698 - Journal d'un conscrit (3) [in memoriam J.-M.]
Lundi 10/10 [1983]
Visite du médecin, ce matin. A la question : « Comment vous sentez-vous ? », j’ai répondu que j’étais d’humeur neurasthénique ; on m’a fait répéter ; […] je me suis entendu répondre [ensuite] que je n’étais pas neurasthénique, mais vraisemblablement plutôt : « asthénique tout court, parce que neurasthénique, c’est dans la tête » ; autant dire que, pour [ce médecin], rien de ce qui se passe dans la tête n’est crédible… […] Je me suis également vu refuser le quartier libre que je sollicitais. Je suis donc un peu déprimé.

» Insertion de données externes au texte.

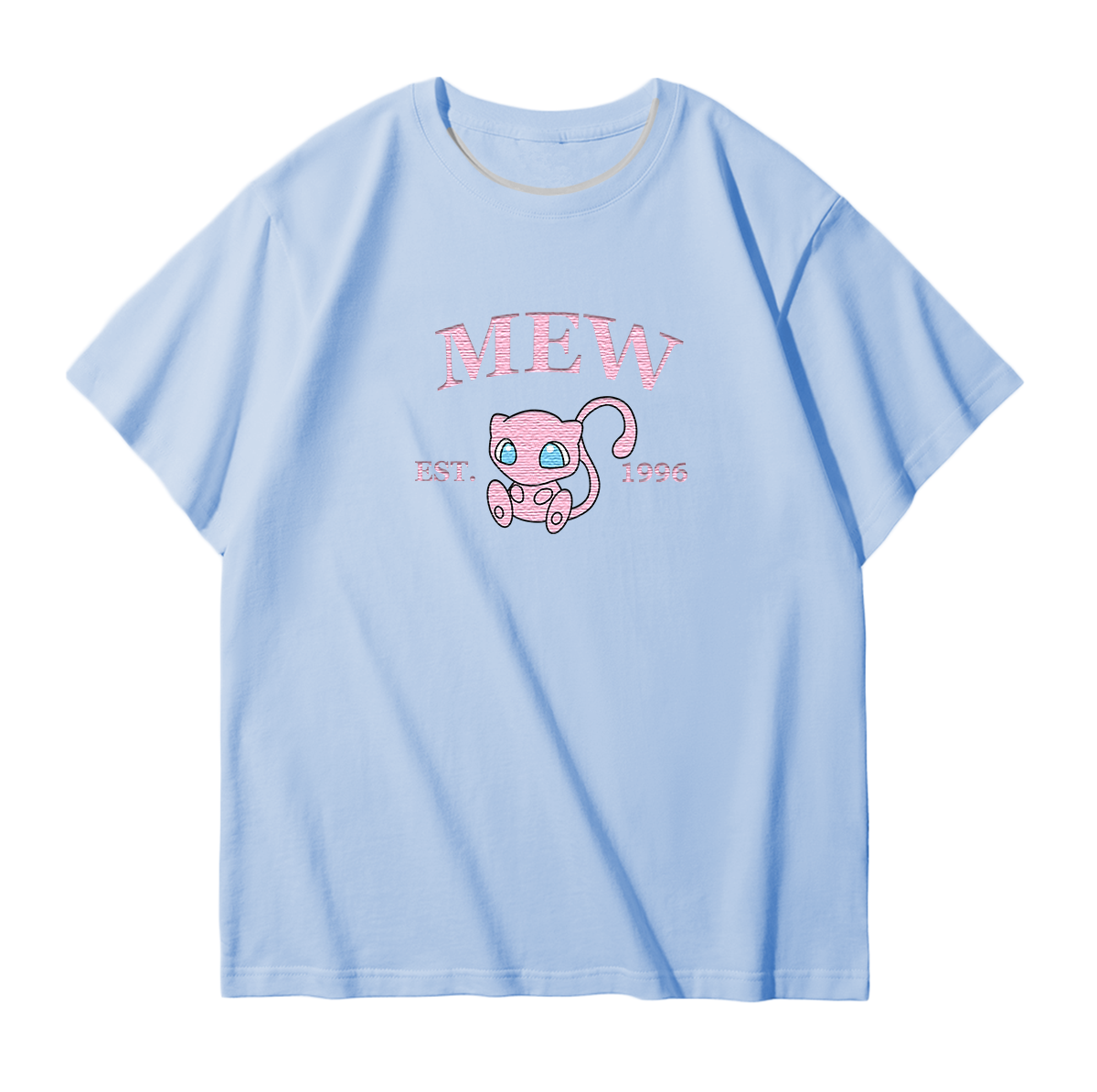 MEW Embroidered Anime Character Unisex T-Shirt,Crewneck,Hoodie,Stylish Gift for Friends,E66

Il apparaît qu’en fait je ne fais pas de l’hyperglycémie réactionnelle comme je l’ai déjà écrit dans cette lettre, mais l’inverse — donc de l’hypoglycémie… L’on m’a dit que je devrais rester ici « un peu » — ce qui ne m’éclaire guère sur la durée de mon séjour. Bref, je n’ai plus guère d’espoir de ne pas retourner à la caserne.
(Il n’y a pas de psychiatre à l’hôpital de C*** : si l’on veut avoir une “audience”, il faut s’adresser à l’infirmerie de son propre régiment… qui daigne ou non s’en occuper. La suite à lieu à N*** ou à M***, ce qui me semble hautement problématique. J’essaierai tout de même si je le puis, conformément au conseil du psychiatre que, courant septembre, j’avais consulté…)
Je vais cesser ici, de peur de trop écraser cette lettre.
Au cas où vous vous sentiriez quelque démangeaison plumitive, je vous laisse mon adresse provisoire :
***** Romain J.R. Service de Médecine Chambre 231 Hôpital des Armées *** *** ***** – C***
Indiquez sur la lettre : « à faire suivre », on ne sait jamais.
Croyez bien que je pense à vous et compte les jours probables qui attendront de vous voir.